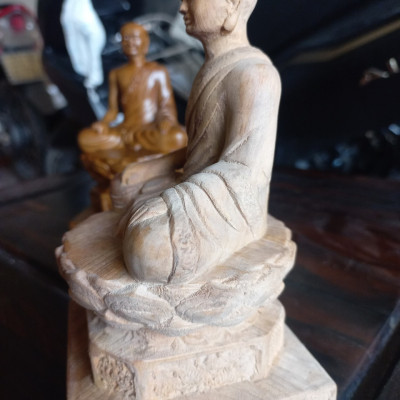 Tượng phật hoàng trần nhân tông bằng gỗ ngọc am kt cao 15×9cm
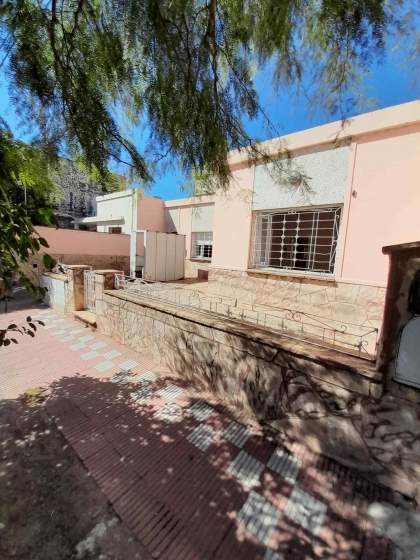 Venta casa 2 dorm con Galpon amplio- B Alto Gral. Paz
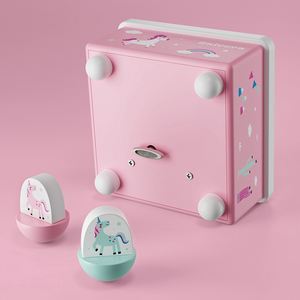 Boîte à musique rotative pour enfants, boîte à musique personnalisée avec un design gravé pour les enfants, souvenir de vacances - Product Image 3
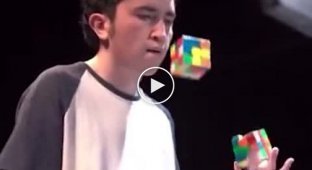 Анхель Альварадо - он собирает кубик Рубика, когда жонглирует им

□ □ □ □ □

### [TASK ITEM]
Leave out the pictures and give the listing above again exactly.

### [RESPONSE TO THIS EXERCISE]
 Tượng phật hoàng trần nhân tông bằng gỗ ngọc am kt cao 15×9cm
 Venta casa 2 dorm con Galpon amplio- B Alto Gral. Paz
 Boîte à musique rotative pour enfants, boîte à musique personnalisée avec un design gravé pour les enfants, souvenir de vacances - Product Image 3
 Анхель Альварадо - он собирает кубик Рубика, когда жонглирует им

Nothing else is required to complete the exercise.